Woodmancote – St Peter
A two-cell church, which is possibly C11 or C12 in origin, though most detail is C13 or C14. In 1872-73 it was extended at both ends.
The church, the original dedication of which is lost, though it is now known as St Peter, stands at the southern end of the parish near Woodmancote Place. A fine yew walk flanks the approach in the churchyard. Though it is mentioned in Domesday Book (13, 22), nothing of this period is identifiable and a blocked round-headed north doorway, though called C11 or C12 (VCH 6(3) p159) and now only visible internally, is late C12 at the earliest, judging by its proportions. It may be the first of the otherwise C13 and C14 changes that determined the character of the church until the C19.
In the early C13 the chancel was extended and the Sharpe Collection drawing (1802) shows a round-headed south-east lancet, which can have been little later than the north doorway. The jambs of a south west doorway are probably of the same date. The Burrell Collection drawing (1777), Quartermain ((E) p286) and Adelaide Tracy (III p24) (1853) all show the view from the south east, so the appearance of the north side is unknown. Common to all three is a pair of ogee-headed south lancets in the nave and enough of the moulded south doorway remains to show that like them, these were C14. The nave roof has some old timbers, and until 1872 there was a boarded bell-turret with a pyramid cap. A further, though smaller pair of ogee-lancets at its western end shows the chancel was also remodelled in the C14. The then three-light east window with panelled tracery may have been contemporary with a north window known from a bequest to have been under construction in 1406-07 (SRS 45 p411).
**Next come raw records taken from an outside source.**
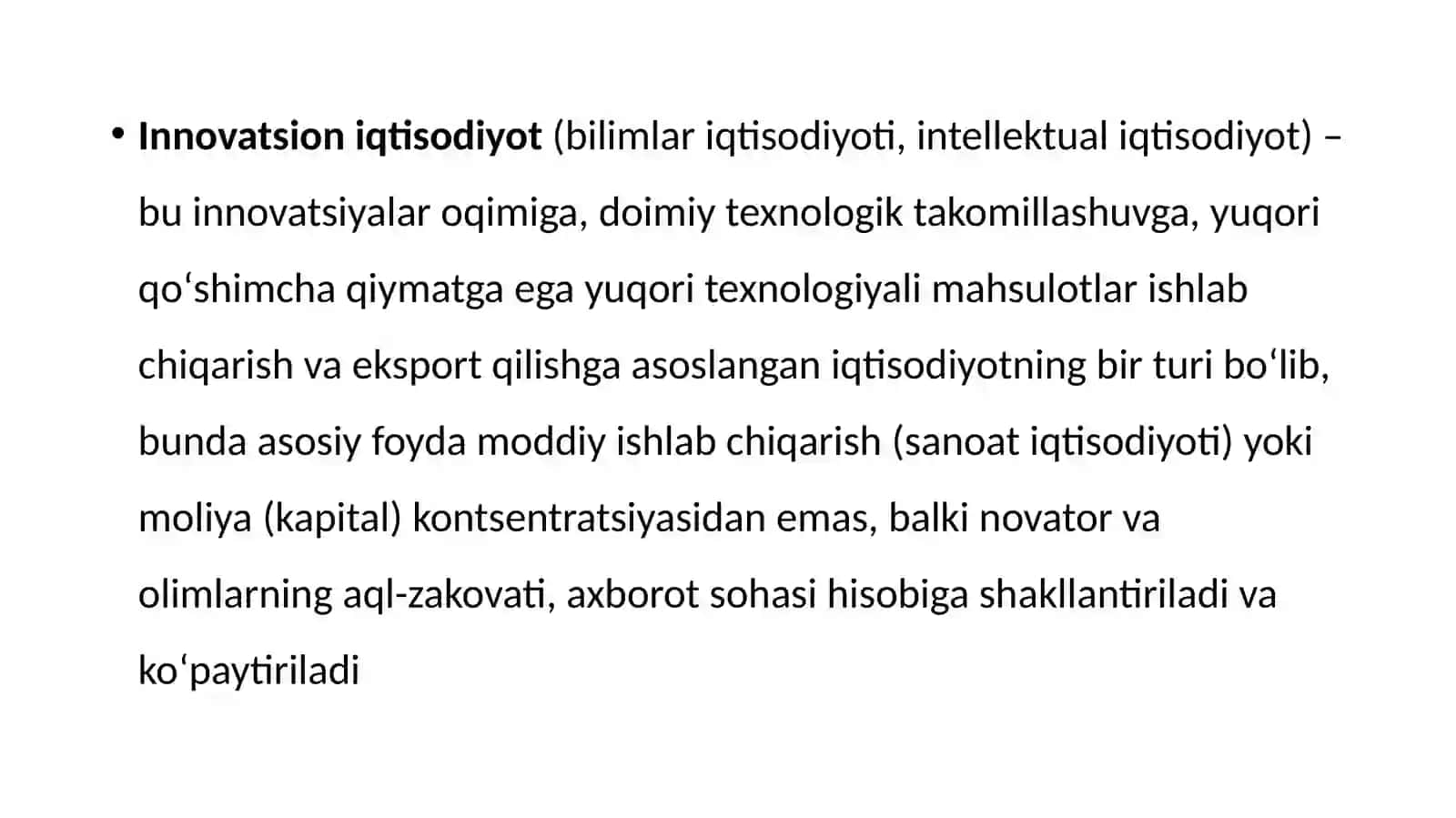 INNOVATSION IQTISODIYOT FANINING PREDMETI VA OB’YEKTI, INNOVATSIYALARNI RIVOJLANISH NAZARIYASIGA KIRISH 2
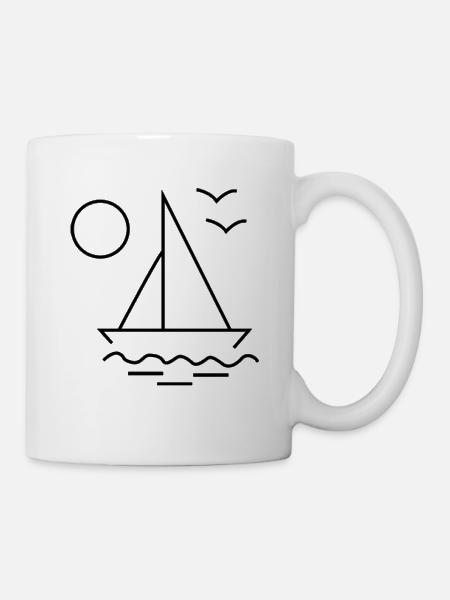 Kinder T-Shirt Ausmalen Schiff Design Malen Deko - Tasse - Weiß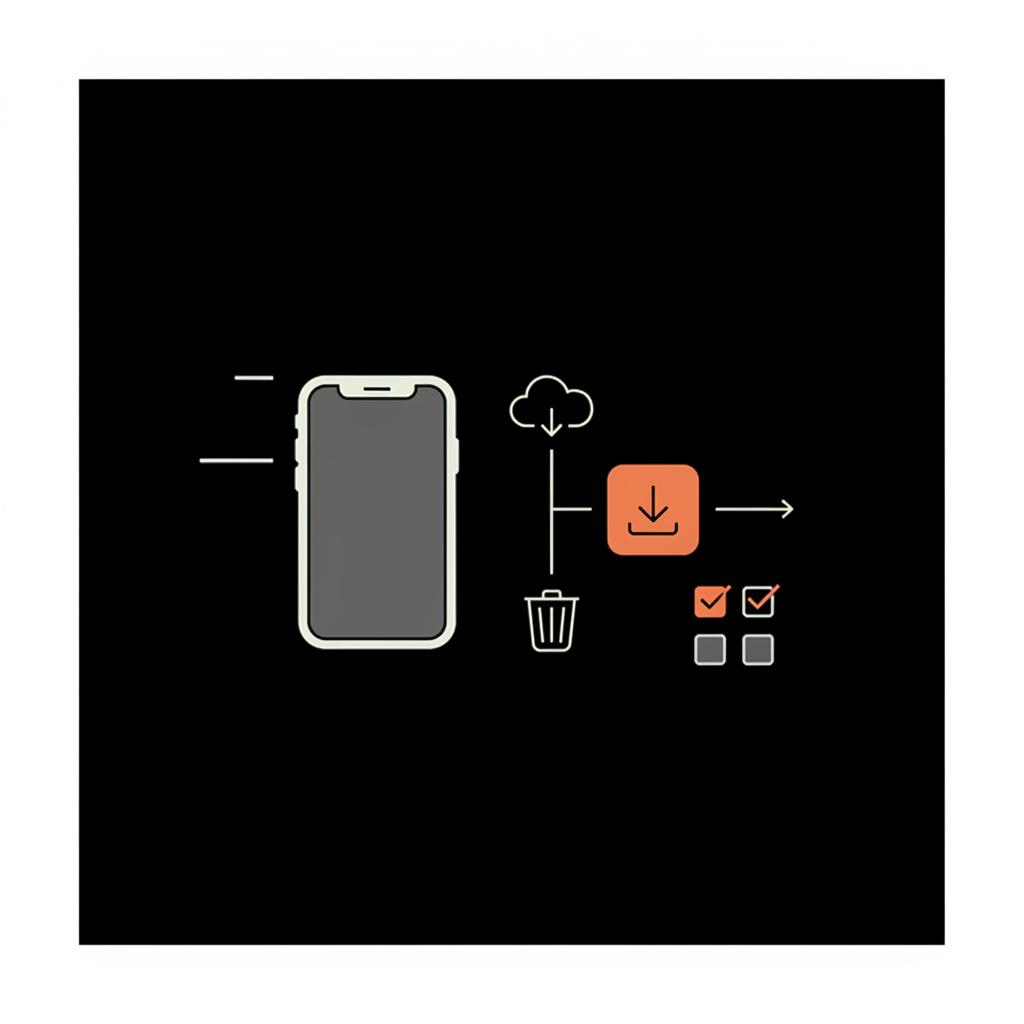 Minimal 2D vector infographic showing an iPhone silhouette, Offload vs Delete flow converging to reinstall step with a small checklist in brand colors — reinstall facebook app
The Burrell drawing shows a C17 or C18 porch and partly blocked windows. There were plans for restoration and extension in 1868-69 (WSRO Ep II/27/257), but H Woodyer started work only in 1872 (B 30 p533) and finished the next year, the date on his characteristic rainwater-hoppers. He extended the chancel with a new east window and and inserted similar south ones of plate tracery, which, like the chancel arch, show him in late C13 manner. The roof is dark and shiny. He also extended the west end of the nave, with a new bell-turret with a broach spirelet and mostly paired lancets. Finally, he replaced the porch with a large timber one. Horsham slabs now cover the whole roof, including the large vestry to the north of the chancel whereas the Sharpe drawing shows tiled ridges. The vestry is the most ostentatious part of Woodyer’s work, with a shouldered doorway, a half-hipped dormer and a big round chimney. Overall, though, his budget was modest, amounting to only £1208 (PP 125).
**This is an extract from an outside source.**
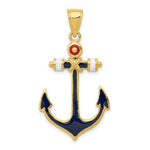 Load image into Gallery viewer, 14K Yellow Gold 2-D Red, White, and Blue Enameled Anchor Pendant
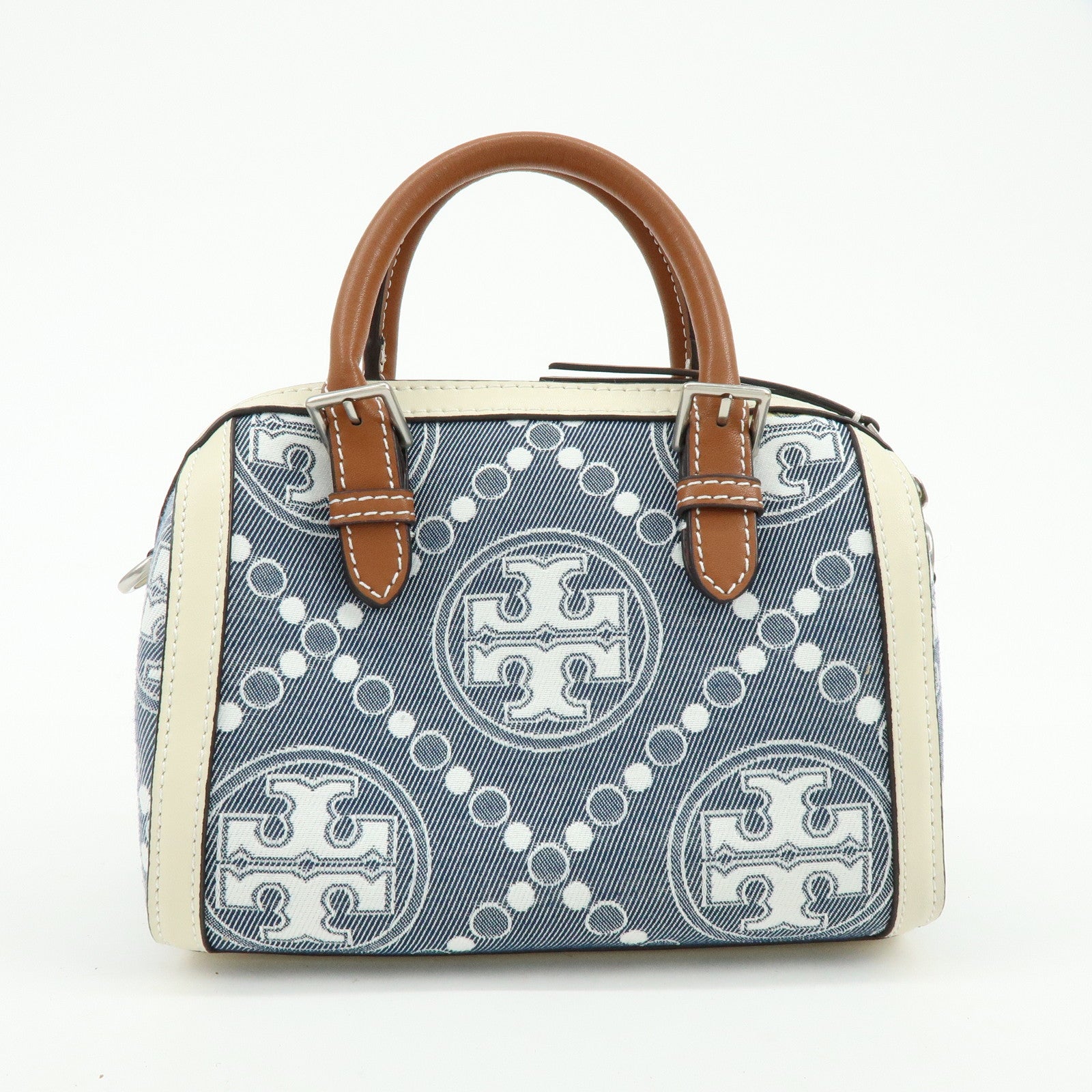 TORY BURCH T Monogram Canvas Leather 2Way Hand Shoulder Bag Blue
The north side of the nave is today largely concealed by a recent extension, built in flint and brick to match the rest.
Fittings and monuments
Font: Early C13 square bowl of marble and smaller than usual, it was heavily reworked in the C19. The capitals for the renewed corner shafts are carved into its base with stylised foliage.
1. (South chancel, first and second windows) C E Kempe, 1894.
2. (East window) Burlison and Grylls, 1894 (CDG 11 (1894) p180) (Crucifixion). Collins (p318) remarks on the close similarity with Kempe’s work of the same year, but its authorship is well attested.
1. Officers of the 47th Bengal Native Infantry By T Denman (Roscoe p362).
2. (Churchyard) Good C18 carved tombstones.
3. (South east churchyard) Modern monument of flint in the shape of a drum with the inscription on the flat top in memory of the two men from the parish, Thomas Harland and John Oswald, who were burnt at the stake as heretics at Lewes in 1556.
Piscina: (South chancel) C14 ogee-headed.
Screen: A screen by Woodyer was removed in 1964 (Elliott and Pritchard p243).
Sedile: (South chancel) broad and chamfered with a label. It could be C13 or C14.